617.1
Experiences of Modernity and the Modernity of Experience

Thursday, July 17, 2014: 10:30 AM
Room: Booth 68
Oral Presentation
Oliver KOZLAREK , Universidad Michoacana de San Nicolás, Mexico
It has often been argued that a certain loss of experience, even of the ability to have experiences is apparent under the modern condition (Adorno, Benjamin). Yet, at the same time it seems to be true that modernity is quite obsessed with experience (see: Jay 2005). Certainly, there are different understandings of what experience actually means, and it is probably true what Michael Oakshott has to say about this topic: "Experience, of all the words in the philosophic vocabulary, is the most difficult to manage, and it must be the ambition of any writer reckless enough to use the word to escape the ambiguities it contains" (quoted in: Jay 2005: 9). Although this paper sees itself in the tradition of this 'recklessness', it does not aim to escape the ambiguities of 'experiences'. On the contrary, ambiguous is not only the word, but also what it stands for. But it is precisely this ambiguity of experience, and the acknowledgemente of it, that contributes to an often claimed characteristic of modernity: its contingency (Rorty) or its ambivalence (Bauman).
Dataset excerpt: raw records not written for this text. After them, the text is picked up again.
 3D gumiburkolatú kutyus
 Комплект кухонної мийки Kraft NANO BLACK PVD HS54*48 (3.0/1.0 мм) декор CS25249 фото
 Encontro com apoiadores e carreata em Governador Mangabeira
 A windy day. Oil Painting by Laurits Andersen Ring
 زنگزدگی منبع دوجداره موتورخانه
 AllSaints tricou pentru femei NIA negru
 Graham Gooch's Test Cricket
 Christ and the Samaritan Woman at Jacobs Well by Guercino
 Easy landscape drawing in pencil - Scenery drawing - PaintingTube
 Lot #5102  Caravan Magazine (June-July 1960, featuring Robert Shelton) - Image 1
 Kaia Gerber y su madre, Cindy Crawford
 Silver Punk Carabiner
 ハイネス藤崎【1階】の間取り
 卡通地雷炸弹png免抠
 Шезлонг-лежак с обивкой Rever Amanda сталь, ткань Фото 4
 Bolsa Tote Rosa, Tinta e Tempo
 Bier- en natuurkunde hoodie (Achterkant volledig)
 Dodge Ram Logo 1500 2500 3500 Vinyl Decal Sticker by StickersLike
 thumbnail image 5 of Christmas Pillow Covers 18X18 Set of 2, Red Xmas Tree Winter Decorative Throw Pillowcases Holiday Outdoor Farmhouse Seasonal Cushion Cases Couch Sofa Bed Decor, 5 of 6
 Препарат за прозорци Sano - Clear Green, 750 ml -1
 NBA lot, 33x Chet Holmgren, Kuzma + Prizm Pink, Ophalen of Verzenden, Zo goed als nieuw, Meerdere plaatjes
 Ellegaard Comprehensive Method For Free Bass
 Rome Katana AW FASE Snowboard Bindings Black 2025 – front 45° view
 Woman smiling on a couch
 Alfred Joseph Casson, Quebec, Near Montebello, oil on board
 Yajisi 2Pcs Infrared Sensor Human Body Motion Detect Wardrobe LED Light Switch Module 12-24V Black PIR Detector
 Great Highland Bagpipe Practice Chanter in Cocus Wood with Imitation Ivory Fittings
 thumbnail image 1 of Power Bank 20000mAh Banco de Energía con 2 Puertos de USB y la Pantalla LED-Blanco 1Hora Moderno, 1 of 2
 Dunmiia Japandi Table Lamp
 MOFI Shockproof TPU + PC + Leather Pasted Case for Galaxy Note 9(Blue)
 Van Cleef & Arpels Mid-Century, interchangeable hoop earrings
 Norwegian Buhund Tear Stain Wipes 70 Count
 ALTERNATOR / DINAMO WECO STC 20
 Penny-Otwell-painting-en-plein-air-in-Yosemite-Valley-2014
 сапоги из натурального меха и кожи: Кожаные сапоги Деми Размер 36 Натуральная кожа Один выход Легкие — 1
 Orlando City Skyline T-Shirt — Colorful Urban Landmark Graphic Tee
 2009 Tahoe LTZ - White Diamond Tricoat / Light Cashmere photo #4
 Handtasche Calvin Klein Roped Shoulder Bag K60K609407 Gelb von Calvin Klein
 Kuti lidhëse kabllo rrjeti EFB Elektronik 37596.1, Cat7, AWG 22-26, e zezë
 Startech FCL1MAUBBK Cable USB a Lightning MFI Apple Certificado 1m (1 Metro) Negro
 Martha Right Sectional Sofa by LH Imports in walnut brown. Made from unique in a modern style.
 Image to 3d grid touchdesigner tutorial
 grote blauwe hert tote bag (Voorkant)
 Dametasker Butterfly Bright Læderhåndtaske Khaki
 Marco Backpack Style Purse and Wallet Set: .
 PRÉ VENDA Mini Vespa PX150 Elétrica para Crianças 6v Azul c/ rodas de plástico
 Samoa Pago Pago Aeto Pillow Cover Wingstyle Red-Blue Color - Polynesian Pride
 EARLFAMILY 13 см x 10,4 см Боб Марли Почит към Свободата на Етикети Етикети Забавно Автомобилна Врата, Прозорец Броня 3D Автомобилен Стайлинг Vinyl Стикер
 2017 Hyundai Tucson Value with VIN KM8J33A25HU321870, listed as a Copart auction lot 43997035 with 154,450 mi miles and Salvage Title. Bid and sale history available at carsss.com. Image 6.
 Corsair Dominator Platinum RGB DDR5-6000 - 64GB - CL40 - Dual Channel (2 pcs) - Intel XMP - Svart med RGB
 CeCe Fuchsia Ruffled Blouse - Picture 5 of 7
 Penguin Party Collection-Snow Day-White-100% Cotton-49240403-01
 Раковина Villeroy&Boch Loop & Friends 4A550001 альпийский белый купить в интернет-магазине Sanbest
In this paper I will argue that the ambiguity of modern experiences has to do with a new kind of world-consciousness that emerges in modernity. I will draw on authors like the recently deceased Marshall Berman, the already mentioned Walter Benjamin, and Theodor W. Adorno, but also more recent authors like Boaventura de Sousa Santos and Peter Wagner. And I will include in my discussion voices from Latin America like Octavio Paz and the philosopher Bolívar Echeverría. They all shall help to outline a theory of modernity for which the experiences that real human beings are making when confronted with the challenges of modernity.

Martin Jay (2005), Songs of Experience: Modern American and European. Variations on a Universal Theme, University of California Press.